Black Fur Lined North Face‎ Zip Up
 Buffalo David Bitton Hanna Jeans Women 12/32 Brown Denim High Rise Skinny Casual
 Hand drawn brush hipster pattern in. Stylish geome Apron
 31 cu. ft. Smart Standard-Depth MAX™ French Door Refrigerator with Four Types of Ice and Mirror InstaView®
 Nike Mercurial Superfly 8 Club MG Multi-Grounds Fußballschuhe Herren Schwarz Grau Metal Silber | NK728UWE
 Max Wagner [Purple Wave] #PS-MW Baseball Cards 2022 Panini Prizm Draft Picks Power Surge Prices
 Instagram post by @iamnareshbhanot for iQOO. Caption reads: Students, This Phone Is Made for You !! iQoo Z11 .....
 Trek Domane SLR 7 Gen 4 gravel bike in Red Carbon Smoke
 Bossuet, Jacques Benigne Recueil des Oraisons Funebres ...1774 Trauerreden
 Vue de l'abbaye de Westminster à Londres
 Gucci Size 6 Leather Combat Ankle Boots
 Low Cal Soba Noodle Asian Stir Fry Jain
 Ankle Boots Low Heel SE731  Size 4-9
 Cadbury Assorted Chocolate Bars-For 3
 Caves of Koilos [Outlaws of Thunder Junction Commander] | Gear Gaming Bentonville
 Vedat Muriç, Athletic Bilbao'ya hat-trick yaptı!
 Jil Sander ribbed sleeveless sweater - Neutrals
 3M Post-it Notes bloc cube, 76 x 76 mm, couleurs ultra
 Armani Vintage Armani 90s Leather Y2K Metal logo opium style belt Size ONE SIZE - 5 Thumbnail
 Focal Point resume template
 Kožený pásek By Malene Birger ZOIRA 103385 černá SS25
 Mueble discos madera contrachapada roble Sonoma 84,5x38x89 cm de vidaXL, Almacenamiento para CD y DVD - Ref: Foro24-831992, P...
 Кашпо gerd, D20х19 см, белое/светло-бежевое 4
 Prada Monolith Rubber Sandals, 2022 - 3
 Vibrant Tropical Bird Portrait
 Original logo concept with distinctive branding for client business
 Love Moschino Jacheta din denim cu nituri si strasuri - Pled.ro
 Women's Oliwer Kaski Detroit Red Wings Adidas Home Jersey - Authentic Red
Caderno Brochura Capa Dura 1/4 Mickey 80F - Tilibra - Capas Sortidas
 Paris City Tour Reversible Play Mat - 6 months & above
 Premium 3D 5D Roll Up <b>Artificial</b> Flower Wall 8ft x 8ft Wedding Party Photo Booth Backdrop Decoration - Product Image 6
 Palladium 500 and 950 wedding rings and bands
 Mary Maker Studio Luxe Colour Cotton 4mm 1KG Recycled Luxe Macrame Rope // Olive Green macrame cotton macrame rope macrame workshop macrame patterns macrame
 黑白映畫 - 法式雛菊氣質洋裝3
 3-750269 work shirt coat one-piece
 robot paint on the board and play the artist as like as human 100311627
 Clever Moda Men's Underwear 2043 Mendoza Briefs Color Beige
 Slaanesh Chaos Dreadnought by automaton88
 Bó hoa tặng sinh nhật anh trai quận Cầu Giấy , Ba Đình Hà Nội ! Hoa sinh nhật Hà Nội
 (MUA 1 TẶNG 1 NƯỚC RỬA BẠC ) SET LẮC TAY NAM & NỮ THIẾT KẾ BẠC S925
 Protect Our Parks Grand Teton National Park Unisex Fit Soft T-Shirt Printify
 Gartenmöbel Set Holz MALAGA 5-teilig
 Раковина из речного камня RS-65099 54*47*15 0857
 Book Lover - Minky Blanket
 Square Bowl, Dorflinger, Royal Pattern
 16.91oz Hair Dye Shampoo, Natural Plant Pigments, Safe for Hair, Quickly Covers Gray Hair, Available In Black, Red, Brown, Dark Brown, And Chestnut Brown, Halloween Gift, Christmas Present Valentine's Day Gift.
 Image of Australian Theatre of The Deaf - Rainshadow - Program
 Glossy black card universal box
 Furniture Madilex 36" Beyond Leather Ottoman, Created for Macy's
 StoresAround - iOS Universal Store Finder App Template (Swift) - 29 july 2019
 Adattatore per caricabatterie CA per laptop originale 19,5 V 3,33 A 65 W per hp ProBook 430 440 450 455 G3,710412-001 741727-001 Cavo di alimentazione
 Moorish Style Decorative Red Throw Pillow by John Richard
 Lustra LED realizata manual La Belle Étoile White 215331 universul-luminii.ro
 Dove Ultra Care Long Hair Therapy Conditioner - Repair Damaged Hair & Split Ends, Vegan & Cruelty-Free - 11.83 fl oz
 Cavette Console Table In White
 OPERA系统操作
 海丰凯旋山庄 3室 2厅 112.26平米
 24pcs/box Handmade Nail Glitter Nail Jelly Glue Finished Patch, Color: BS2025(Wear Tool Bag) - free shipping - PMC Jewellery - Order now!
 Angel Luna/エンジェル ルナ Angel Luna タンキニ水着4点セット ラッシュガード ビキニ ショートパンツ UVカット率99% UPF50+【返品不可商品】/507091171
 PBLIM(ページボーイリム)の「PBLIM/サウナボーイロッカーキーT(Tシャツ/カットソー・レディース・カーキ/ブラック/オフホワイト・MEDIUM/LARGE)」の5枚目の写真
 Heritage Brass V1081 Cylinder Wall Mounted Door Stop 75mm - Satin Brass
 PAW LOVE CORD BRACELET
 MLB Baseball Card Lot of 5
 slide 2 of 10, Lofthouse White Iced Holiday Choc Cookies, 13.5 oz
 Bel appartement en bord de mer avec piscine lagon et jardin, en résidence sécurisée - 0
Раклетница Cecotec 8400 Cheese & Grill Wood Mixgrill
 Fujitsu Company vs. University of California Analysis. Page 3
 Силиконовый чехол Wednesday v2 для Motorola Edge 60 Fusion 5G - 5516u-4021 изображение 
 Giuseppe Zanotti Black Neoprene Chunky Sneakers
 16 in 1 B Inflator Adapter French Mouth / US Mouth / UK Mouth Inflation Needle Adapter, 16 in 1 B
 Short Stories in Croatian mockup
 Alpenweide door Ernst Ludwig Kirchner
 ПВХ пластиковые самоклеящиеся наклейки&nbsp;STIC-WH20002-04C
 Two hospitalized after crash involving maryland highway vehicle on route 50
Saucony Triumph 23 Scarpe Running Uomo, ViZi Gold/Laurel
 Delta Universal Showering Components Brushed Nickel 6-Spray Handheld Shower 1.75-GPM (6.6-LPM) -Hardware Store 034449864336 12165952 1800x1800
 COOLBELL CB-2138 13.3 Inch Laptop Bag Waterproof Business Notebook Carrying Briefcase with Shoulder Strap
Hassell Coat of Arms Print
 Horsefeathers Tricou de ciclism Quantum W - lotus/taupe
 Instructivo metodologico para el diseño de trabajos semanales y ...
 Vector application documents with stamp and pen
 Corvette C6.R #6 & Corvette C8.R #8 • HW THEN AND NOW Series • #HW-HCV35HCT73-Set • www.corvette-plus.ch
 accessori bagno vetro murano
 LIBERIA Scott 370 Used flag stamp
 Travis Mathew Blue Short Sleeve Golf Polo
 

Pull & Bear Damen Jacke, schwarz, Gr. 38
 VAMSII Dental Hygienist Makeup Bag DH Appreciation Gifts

= = = = =

INSTRUCTIONS TO FOLLOW -> Each of the lines above must appear again, unchanged.

SOLUTION FOR THIS TASK ->
Black Fur Lined North Face‎ Zip Up
 Buffalo David Bitton Hanna Jeans Women 12/32 Brown Denim High Rise Skinny Casual
 Hand drawn brush hipster pattern in. Stylish geome Apron
 31 cu. ft. Smart Standard-Depth MAX™ French Door Refrigerator with Four Types of Ice and Mirror InstaView®
 Nike Mercurial Superfly 8 Club MG Multi-Grounds Fußballschuhe Herren Schwarz Grau Metal Silber | NK728UWE
 Max Wagner [Purple Wave] #PS-MW Baseball Cards 2022 Panini Prizm Draft Picks Power Surge Prices
 Instagram post by @iamnareshbhanot for iQOO. Caption reads: Students, This Phone Is Made for You !! iQoo Z11 .....
 Trek Domane SLR 7 Gen 4 gravel bike in Red Carbon Smoke
 Bossuet, Jacques Benigne Recueil des Oraisons Funebres ...1774 Trauerreden
 Vue de l'abbaye de Westminster à Londres
 Gucci Size 6 Leather Combat Ankle Boots
 Low Cal Soba Noodle Asian Stir Fry Jain
 Ankle Boots Low Heel SE731  Size 4-9
 Cadbury Assorted Chocolate Bars-For 3
 Caves of Koilos [Outlaws of Thunder Junction Commander] | Gear Gaming Bentonville
 Vedat Muriç, Athletic Bilbao'ya hat-trick yaptı!
 Jil Sander ribbed sleeveless sweater - Neutrals
 3M Post-it Notes bloc cube, 76 x 76 mm, couleurs ultra
 Armani Vintage Armani 90s Leather Y2K Metal logo opium style belt Size ONE SIZE - 5 Thumbnail
 Focal Point resume template
 Kožený pásek By Malene Birger ZOIRA 103385 černá SS25
 Mueble discos madera contrachapada roble Sonoma 84,5x38x89 cm de vidaXL, Almacenamiento para CD y DVD - Ref: Foro24-831992, P...
 Кашпо gerd, D20х19 см, белое/светло-бежевое 4
 Prada Monolith Rubber Sandals, 2022 - 3
 Vibrant Tropical Bird Portrait
 Original logo concept with distinctive branding for client business
 Love Moschino Jacheta din denim cu nituri si strasuri - Pled.ro
 Women's Oliwer Kaski Detroit Red Wings Adidas Home Jersey - Authentic Red
Caderno Brochura Capa Dura 1/4 Mickey 80F - Tilibra - Capas Sortidas
 Paris City Tour Reversible Play Mat - 6 months & above
 Premium 3D 5D Roll Up <b>Artificial</b> Flower Wall 8ft x 8ft Wedding Party Photo Booth Backdrop Decoration - Product Image 6
 Palladium 500 and 950 wedding rings and bands
 Mary Maker Studio Luxe Colour Cotton 4mm 1KG Recycled Luxe Macrame Rope // Olive Green macrame cotton macrame rope macrame workshop macrame patterns macrame
 黑白映畫 - 法式雛菊氣質洋裝3
 3-750269 work shirt coat one-piece
 robot paint on the board and play the artist as like as human 100311627
 Clever Moda Men's Underwear 2043 Mendoza Briefs Color Beige
 Slaanesh Chaos Dreadnought by automaton88
 Bó hoa tặng sinh nhật anh trai quận Cầu Giấy , Ba Đình Hà Nội ! Hoa sinh nhật Hà Nội
 (MUA 1 TẶNG 1 NƯỚC RỬA BẠC ) SET LẮC TAY NAM & NỮ THIẾT KẾ BẠC S925
 Protect Our Parks Grand Teton National Park Unisex Fit Soft T-Shirt Printify
 Gartenmöbel Set Holz MALAGA 5-teilig
 Раковина из речного камня RS-65099 54*47*15 0857
 Book Lover - Minky Blanket
 Square Bowl, Dorflinger, Royal Pattern
 16.91oz Hair Dye Shampoo, Natural Plant Pigments, Safe for Hair, Quickly Covers Gray Hair, Available In Black, Red, Brown, Dark Brown, And Chestnut Brown, Halloween Gift, Christmas Present Valentine's Day Gift.
 Image of Australian Theatre of The Deaf - Rainshadow - Program
 Glossy black card universal box
 Furniture Madilex 36" Beyond Leather Ottoman, Created for Macy's
 StoresAround - iOS Universal Store Finder App Template (Swift) - 29 july 2019
 Adattatore per caricabatterie CA per laptop originale 19,5 V 3,33 A 65 W per hp ProBook 430 440 450 455 G3,710412-001 741727-001 Cavo di alimentazione
 Moorish Style Decorative Red Throw Pillow by John Richard
 Lustra LED realizata manual La Belle Étoile White 215331 universul-luminii.ro
 Dove Ultra Care Long Hair Therapy Conditioner - Repair Damaged Hair & Split Ends, Vegan & Cruelty-Free - 11.83 fl oz
 Cavette Console Table In White
 OPERA系统操作
 海丰凯旋山庄 3室 2厅 112.26平米
 24pcs/box Handmade Nail Glitter Nail Jelly Glue Finished Patch, Color: BS2025(Wear Tool Bag) - free shipping - PMC Jewellery - Order now!
 Angel Luna/エンジェル ルナ Angel Luna タンキニ水着4点セット ラッシュガード ビキニ ショートパンツ UVカット率99% UPF50+【返品不可商品】/507091171
 PBLIM(ページボーイリム)の「PBLIM/サウナボーイロッカーキーT(Tシャツ/カットソー・レディース・カーキ/ブラック/オフホワイト・MEDIUM/LARGE)」の5枚目の写真
 Heritage Brass V1081 Cylinder Wall Mounted Door Stop 75mm - Satin Brass
 PAW LOVE CORD BRACELET
 MLB Baseball Card Lot of 5
 slide 2 of 10, Lofthouse White Iced Holiday Choc Cookies, 13.5 oz
 Bel appartement en bord de mer avec piscine lagon et jardin, en résidence sécurisée - 0
Раклетница Cecotec 8400 Cheese & Grill Wood Mixgrill
 Fujitsu Company vs. University of California Analysis. Page 3
 Силиконовый чехол Wednesday v2 для Motorola Edge 60 Fusion 5G - 5516u-4021 изображение 
 Giuseppe Zanotti Black Neoprene Chunky Sneakers
 16 in 1 B Inflator Adapter French Mouth / US Mouth / UK Mouth Inflation Needle Adapter, 16 in 1 B
 Short Stories in Croatian mockup
 Alpenweide door Ernst Ludwig Kirchner
 ПВХ пластиковые самоклеящиеся наклейки&nbsp;STIC-WH20002-04C
 Two hospitalized after crash involving maryland highway vehicle on route 50
Saucony Triumph 23 Scarpe Running Uomo, ViZi Gold/Laurel
 Delta Universal Showering Components Brushed Nickel 6-Spray Handheld Shower 1.75-GPM (6.6-LPM) -Hardware Store 034449864336 12165952 1800x1800
 COOLBELL CB-2138 13.3 Inch Laptop Bag Waterproof Business Notebook Carrying Briefcase with Shoulder Strap
Hassell Coat of Arms Print
 Horsefeathers Tricou de ciclism Quantum W - lotus/taupe
 Instructivo metodologico para el diseño de trabajos semanales y ...
 Vector application documents with stamp and pen
 Corvette C6.R #6 & Corvette C8.R #8 • HW THEN AND NOW Series • #HW-HCV35HCT73-Set • www.corvette-plus.ch
 accessori bagno vetro murano
 LIBERIA Scott 370 Used flag stamp
 Travis Mathew Blue Short Sleeve Golf Polo
 

Pull & Bear Damen Jacke, schwarz, Gr. 38
 VAMSII Dental Hygienist Makeup Bag DH Appreciation Gifts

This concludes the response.